[Linux-cluster] Help with a two node cluster for a web server needed

Mon Jan 14 20:03:46 UTC 2008

So, what was happening was this:

1. unplug cable
2. cman transitions
3. fencing occurs
4. qdiskd detects negative transition

Here's what we want on the "dead" node:

1. unplug cable
2. qdiskd detects negative transition from heuristic

Here's your configuration:

    <quorumd interval="1" label="Qdisk1" tko="5" votes="1">
        <heuristic interval="1" program="ping 10.200.10.1 -c1 -t1"
score="1" tko="3"/>
    </quorumd>

First, let's ping the router with the cable unplugged to see how long it
takes for our heuristic to complete when things are "broken".  On my
machine:

[lhh at ayanami ~]$ time ping -c1 -t1 frederick
PING frederick (12.1.2.99) 56(84) bytes of data.
>From ayanami (12.1.2.37) icmp_seq=1 Destination Host Unreachable

--- frederick ping statistics ---
1 packets transmitted, 0 received, +1 errors, 100% packet loss, time 0ms

real    0m3.006s
^^^^^^^^^^^^^^^^
user    0m0.000s
sys     0m0.000s

Ok - so, 3 seconds for ping to "not find" a host if routing is wrong or
the host is down, sleep 1 second, repeat 3x (tko!) - if dead 3x (tko
count), qdisk removes the vote from CMAN.  That means if the host is
down, it will take qdisk about 3 * (3+1) = 12 seconds to kill its vote
with CMAN. [NOTE: keep in mind, it might not be 3 seconds for your
configuration...]

CMAN's default failover time is 5 seconds (this is really openais's
Totem protocol token timeout, if you want to be technical).

12 > 5, meaning qdiskd can't do much to help before CMAN takes action.
We need to flip these times so that CMAN times out *after* qdisk.  This
way, qdiskd can say "Ok!
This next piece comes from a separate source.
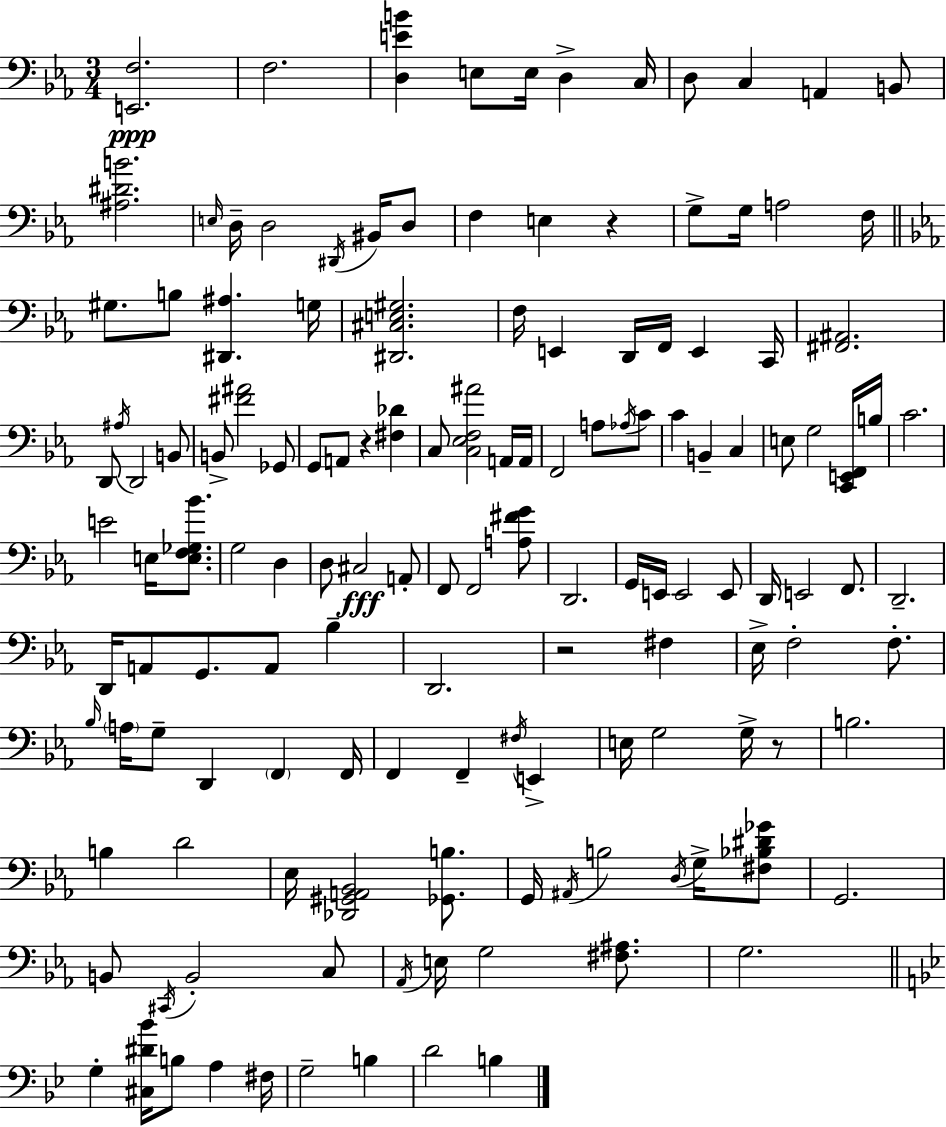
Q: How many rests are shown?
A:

I'm dead!" - and either take action (reboot by
default) or remove its vote from CMAN.

So, the practical rules for timings are basically like this:

* Heuristics should transition before QDisk.  x < y.

* Qdisk should transition before CMAN - in a little less than 1/2 the
time, actually.  y * 2 < z

Option 1:

Make 1 tko sufficient by making the heuristic do more work.  In my quick
testing, the same 3 seconds for 1 packet was used for 3 packets.

Also, we still want CMAN to time out after qdisk - which it won't yet.
So, we need to add a tag to cluster.conf that instructs totem to report
a node as down after a period longer than qdisk (a little more than
double, as noted above):

    ...
    <quorumd ...>
        <heuristic interval="1" program="ping 10.200.10.1 -c3 -t1"
score="1" tko="1"/>
    </quorumd>
    <totem token="11000"/>
    ...

This says 110000 milliseconds, or 11 seconds, is required before totem
(and therefore, CMAN) will declare a node dead (2 * qdisk_timeout) = 10.
Toss in a second for fun, we get 11 seconds.

Since the ping timeout for -c3 is 3 seconds and we have a tko of 1, it
should take 3-4 seconds for ping to return a failure.

3 < 5
5 * 2 < 11

Option 2: 

Make things fit around your heuristic.  Given our 12 second "negative"
case for our heuristic/tko, we can simply make qdisk time out in >12
seconds.  Then, we double that and add a bit for CMAN:

    ...
    <quorumd interval="1" label="Qdisk1" tko="13" votes="1">
        <heuristic interval="1" program="ping 10.200.10.1 -c1 -t1"
score="1" tko="3"/>
    </quorumd>
    <totem token="27000"/>
    ...

12 < 13 
13 * 2 < 27

Let me know if this helps you, so I can add it to the Wiki and further
clarify the manual pages.  Either of these should get you up and
working.

-- Lon